North Carolina is one of the few states that permits educators to hit students. Although the practice has been banned by some school districts in this state, 60 of the 115 school districts think that a teacher walloping a kid is a good way to maintain discipline.
That has prompted legislation about corporal punishment in schools. A bill is now making its way through the General Assembly this year, havind passed a House committee yesterday. The bill would not outright abolish the practice though. It just adds more notification and parental consent safeguards when a child is spanked at school. That's all the supporters of the bill thought they could get passed this year. It will help a little, but striking kids in school will continue as long as parents agree.
The bill banning corporal punishment outright was brought last session, but it failed. Hence, the watered-down version this year. Last session, officials with the North Carolina Association of Educators, the UNC School of Social Work and the North Carolina PTA all supported a corporal punishment ban. They talked about the culture created by corporal punishment administered by authority figures, the bad example it provides for kids, and the research that shows it is not an effective way to discipline children.

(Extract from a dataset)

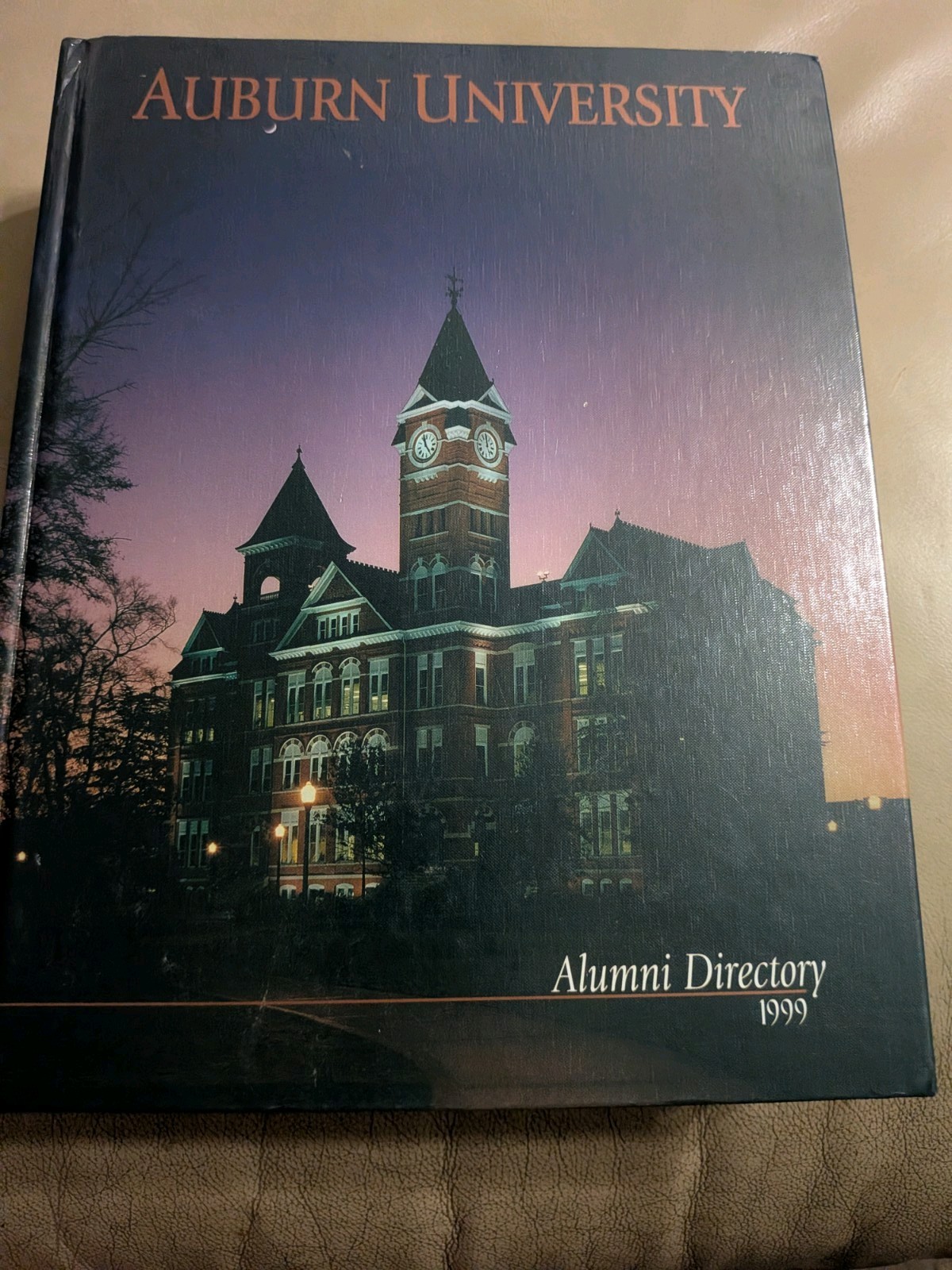 AUBURN UNIVERSITY 1999 HUGE VINTAGE ALUMNI DIRECTORY GREAT CONDITION 1996 pages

But opponents of the bill loved to brag, it seemed, about how much they were hit when they were young. Rep. Ronnie Sutton, for example, told his colleagues that when he was growing up, he was "beaten like a rented mule once or twice a week at school."

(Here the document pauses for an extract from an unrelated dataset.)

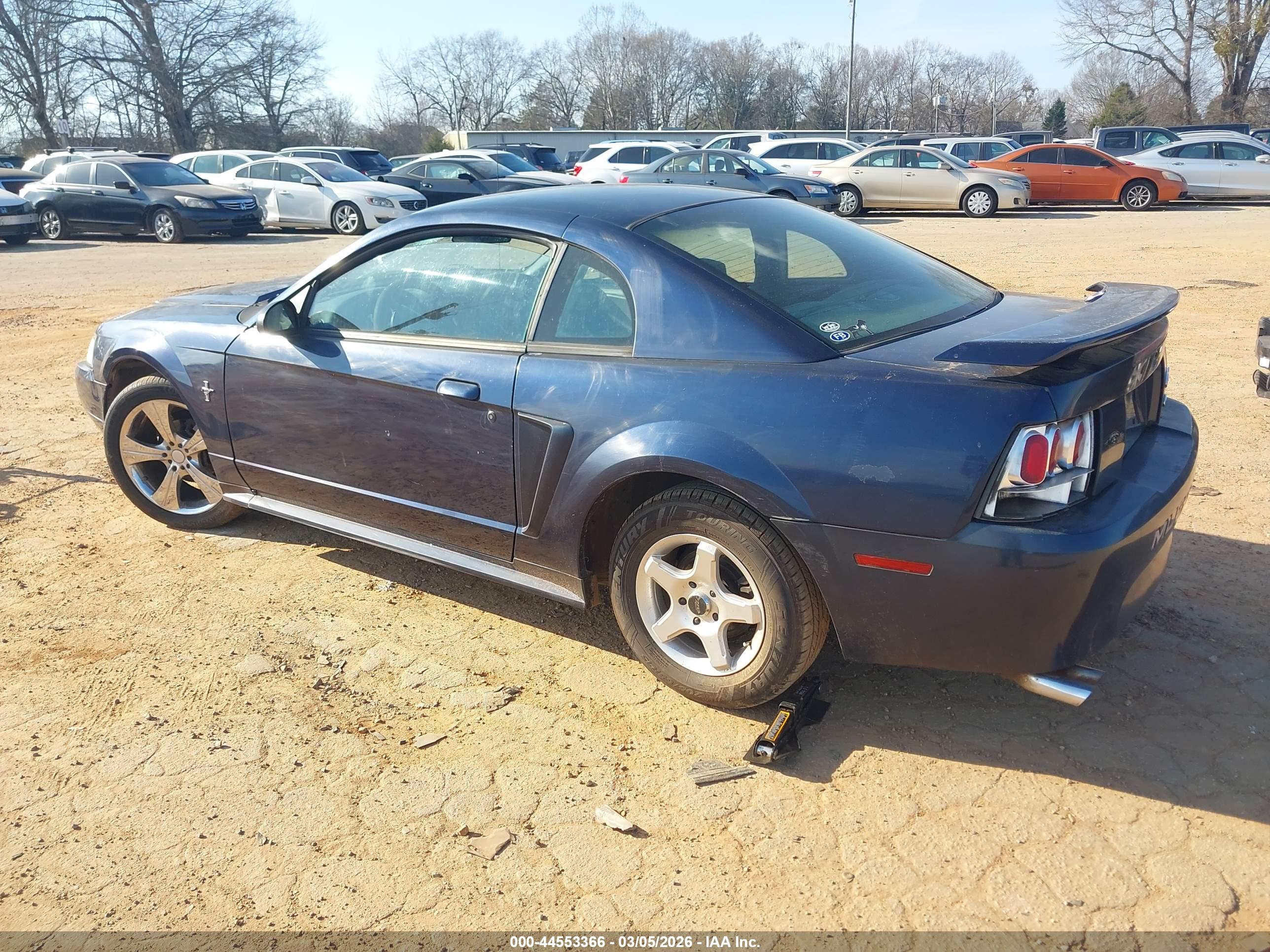 FORD MUSTANG image 3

What Sutton apparently didn't realize is that in today's world, it would be illegal to beat a rented mule once or twice a week. We have animal cruelty laws.

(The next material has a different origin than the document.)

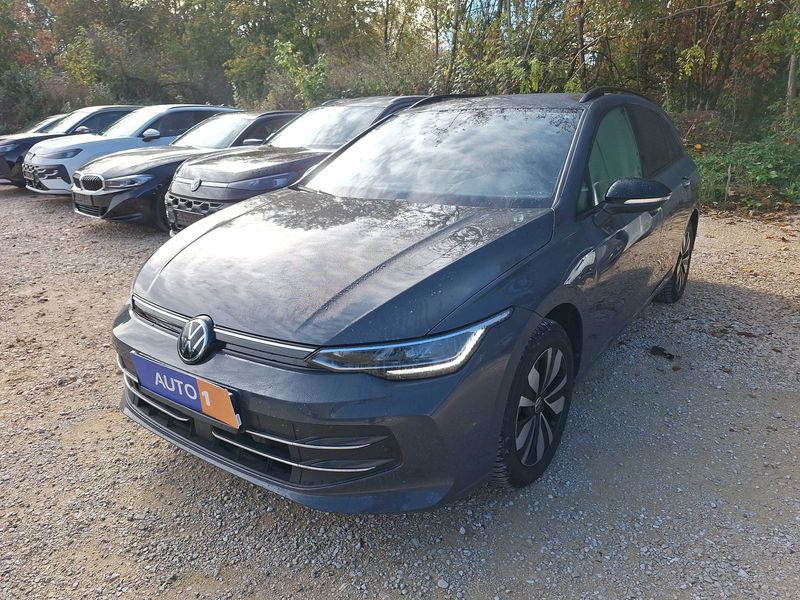 Volkswagen Golf VIII 1.5 TSI Goal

It's not hard, therefore, to expect the same treatment and protections being given to children in schools.
This session's bill (PDF) passed the committee and now goes to the House floor. Opponents are already objecting on the grounds that the bill requires each school district to compile stats on the number of times corporal punishment was administered, and furnish that info to the State Board of Education. Opponents are calling this a "bookkeeping nightmare". Yikes — you mean it happens that often?